La questione è semplice: l'atleta non sarà ammesso alle Olimpiadi del 2008 perché, dice la Iaaf, "le sue gambe non tradizionali lo avvantaggiano rispetto agli altri atleti". E poichè il gesto atletico per essere puro non può e non deve essere condizionato da elementi tecnologici, quelle due lame di carbonio - tra l'altro più lunghe rispetto alla corporatura di Pistorius - sono un trucco, un vantaggio. Gambe tecnologicamente modificate. Ecco, un doping di carbonio.

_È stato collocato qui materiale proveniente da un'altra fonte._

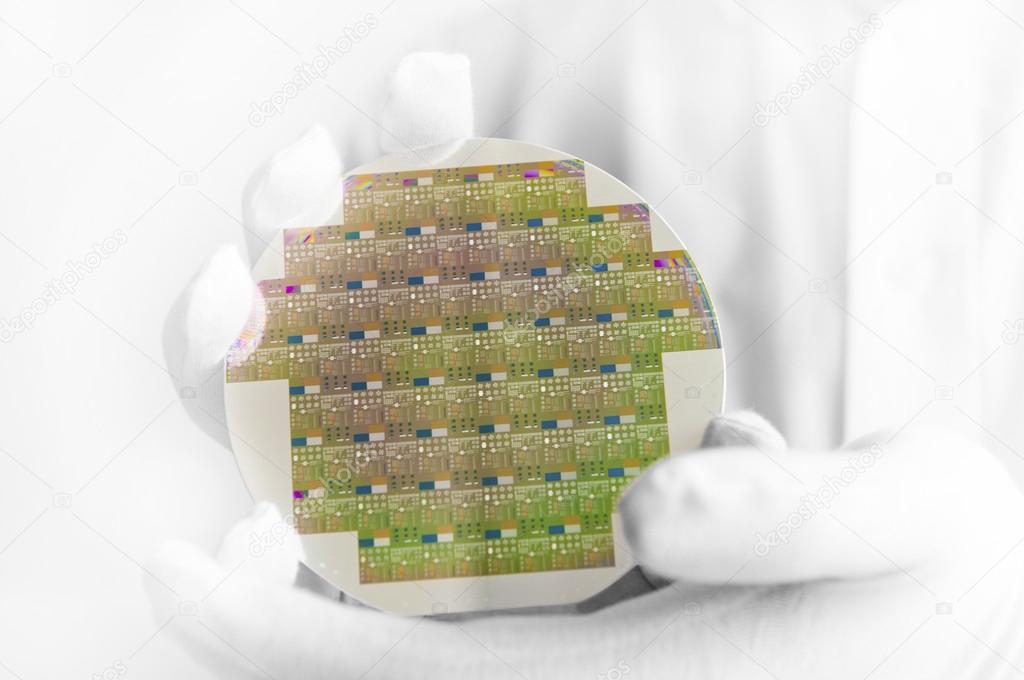 Engineer holding silicon wafer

"E' una discriminazione" accusano l'atleta e il suo coach Ampie Louw. Cheetahs, come Oscar chiama le sue protesi, "sono invece un handicap bello e buono: alla partenza, per dirne una, ci metto molto di più a scattare; senza poi contare la pioggia o il vento che rendono più rigida la protesi".
Intanto Oscar corre. Arriva agli allenamenti in macchina, scende camminando su gambe finte ma "normali" , tira fuori dal portabagagli le sue lame di carbonio, si cambia gli arti, prima l'uno e poi l'altro, e comincia a correre. In attesa di una via libera da Pechino, passando per Roma.